Unfortunately it's raining today but yesterday was beautiful outside and I had me a VSG to celebrate.


----------



## craig61a (Feb 18, 2013)

It's been nice over the past few days here too, and I have taken advantage of the sun and warm weather...


----------



## Smoker LKG (Mar 17, 2013)

It's finally nice over here where I'm at, unfortunately I'm stuck in the office. Just 7 more hours and I'll be free to grab a smoke.


----------



## TheGipper (Jun 13, 2004)

And a good beer choice!


----------



## TonyBrooklyn (Jan 28, 2010)

Beautiful day in NYC hit 73 degrees!


----------



## Smoker LKG (Mar 17, 2013)

TonyBrooklyn said:


> Beautiful day in NYC hit 73 degrees!


I do agree and I was able to enjoy it


----------



## UTKhodgy (Jan 4, 2012)

Had 4 pints with a Fuente Gran Rosado at the Bearden Beer Market


----------



## Nature (Jul 30, 2012)

That's the way to shake off those winter blahs!! I myself am taking advantage of a nice 76 deg day here with my 2nd of the eve cause it drops back down to highs in the 30s and more of that white crap for mid week.
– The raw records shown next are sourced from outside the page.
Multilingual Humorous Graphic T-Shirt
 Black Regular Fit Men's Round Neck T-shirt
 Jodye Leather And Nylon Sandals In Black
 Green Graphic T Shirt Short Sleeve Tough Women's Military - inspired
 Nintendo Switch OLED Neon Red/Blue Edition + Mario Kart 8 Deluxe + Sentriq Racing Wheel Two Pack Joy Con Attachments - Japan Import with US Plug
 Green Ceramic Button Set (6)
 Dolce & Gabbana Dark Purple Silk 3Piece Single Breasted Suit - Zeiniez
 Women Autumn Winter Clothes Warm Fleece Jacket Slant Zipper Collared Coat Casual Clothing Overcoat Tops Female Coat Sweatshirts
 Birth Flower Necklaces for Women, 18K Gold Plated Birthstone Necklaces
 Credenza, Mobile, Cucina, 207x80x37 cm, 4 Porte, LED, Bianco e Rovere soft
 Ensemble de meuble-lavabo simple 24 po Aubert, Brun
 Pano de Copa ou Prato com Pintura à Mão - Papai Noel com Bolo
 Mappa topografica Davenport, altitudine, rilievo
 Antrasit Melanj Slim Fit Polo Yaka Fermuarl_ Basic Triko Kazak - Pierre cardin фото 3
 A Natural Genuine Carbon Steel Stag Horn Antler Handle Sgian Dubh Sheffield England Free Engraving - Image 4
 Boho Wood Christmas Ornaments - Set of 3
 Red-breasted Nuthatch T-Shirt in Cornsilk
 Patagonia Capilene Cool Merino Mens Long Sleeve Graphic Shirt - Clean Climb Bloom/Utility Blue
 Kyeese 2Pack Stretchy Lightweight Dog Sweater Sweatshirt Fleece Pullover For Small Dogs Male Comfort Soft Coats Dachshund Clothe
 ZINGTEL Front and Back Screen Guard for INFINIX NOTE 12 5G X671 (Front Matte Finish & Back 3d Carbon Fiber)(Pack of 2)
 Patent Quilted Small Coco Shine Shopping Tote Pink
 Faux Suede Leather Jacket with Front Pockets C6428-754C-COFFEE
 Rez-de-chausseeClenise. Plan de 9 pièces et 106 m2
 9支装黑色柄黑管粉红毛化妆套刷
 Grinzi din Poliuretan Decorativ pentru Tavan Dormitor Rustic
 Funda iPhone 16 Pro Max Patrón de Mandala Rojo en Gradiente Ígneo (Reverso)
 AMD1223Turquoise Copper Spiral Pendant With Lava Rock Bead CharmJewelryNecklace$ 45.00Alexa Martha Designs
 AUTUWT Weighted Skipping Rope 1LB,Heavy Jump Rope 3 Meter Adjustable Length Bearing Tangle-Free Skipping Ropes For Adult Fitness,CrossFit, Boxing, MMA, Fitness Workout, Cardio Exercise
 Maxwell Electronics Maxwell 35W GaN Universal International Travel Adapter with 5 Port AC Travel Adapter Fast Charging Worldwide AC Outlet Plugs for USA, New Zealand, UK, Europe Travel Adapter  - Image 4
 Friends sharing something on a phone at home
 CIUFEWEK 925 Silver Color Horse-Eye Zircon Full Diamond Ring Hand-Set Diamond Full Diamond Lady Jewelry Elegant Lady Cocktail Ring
Can't it just get nice and stay nice?!


----------



## [OT] Loki (May 24, 2006)

i know what you mean. i'm on cigar #5 today


----------



## Maddcrow (Apr 11, 2013)

Beautiful.


----------



## horseshoe (May 29, 2011)

I'm still waiting....we dropped back down to about -5f this week and still have about 2 1/2 feet of snow in my back yard. This winter just won't end.


----------